A recent publication discussed the importance of proper cattle nutrition throughout all phases of gestation and the impact that nutrition can have beyond conception rates. In another study, during which early-gestation cows were fed either 100% or 55% of their nutrient requirements, no differences were observed in the calves’ bodyweight and gains, but the lung and trachea weights of calves born to nutrient-restricted dams were lower, and those smaller weights could impact how these calves react to respiratory challenges in the future.
Nutrient restrictions mid-gestation have also been shown to impact ovary and luteal tissue size and mass, which can directly affect the heifer’s reproductive efficiency later in life. The nutritional status of the cow during late gestation (e.g., six to nine months into gestation) has also been shown to impact the calf’s muscle fiber formation, which can impact its birthweight, weaning weight and even its carcass weight at harvest.
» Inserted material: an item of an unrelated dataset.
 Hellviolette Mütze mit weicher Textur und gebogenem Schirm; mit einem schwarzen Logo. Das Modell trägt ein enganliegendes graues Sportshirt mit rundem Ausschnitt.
The reproductive performance of breeding cattle is highly dependent on their nutritional status. Trace minerals are involved in the synthesis of reproductive hormones, the reduction of free radicals and the improvement of the uterine microenvironment for embryonic implantation, as well as fetal growth and development. Considering that, for the most part, reproductive organs develop during early gestation, it is clear how the dam’s nutritional and trace mineral status can impact fetal development and future performance.
Forages can vary in terms of their trace mineral concentration. As such, supplemental copper, zinc, manganese and selenium are needed to optimize the cattle herd’s trace mineral status, as meeting their trace mineral requirements is fundamental for achieving optimal immunity, health, reproductive efficiency and growth.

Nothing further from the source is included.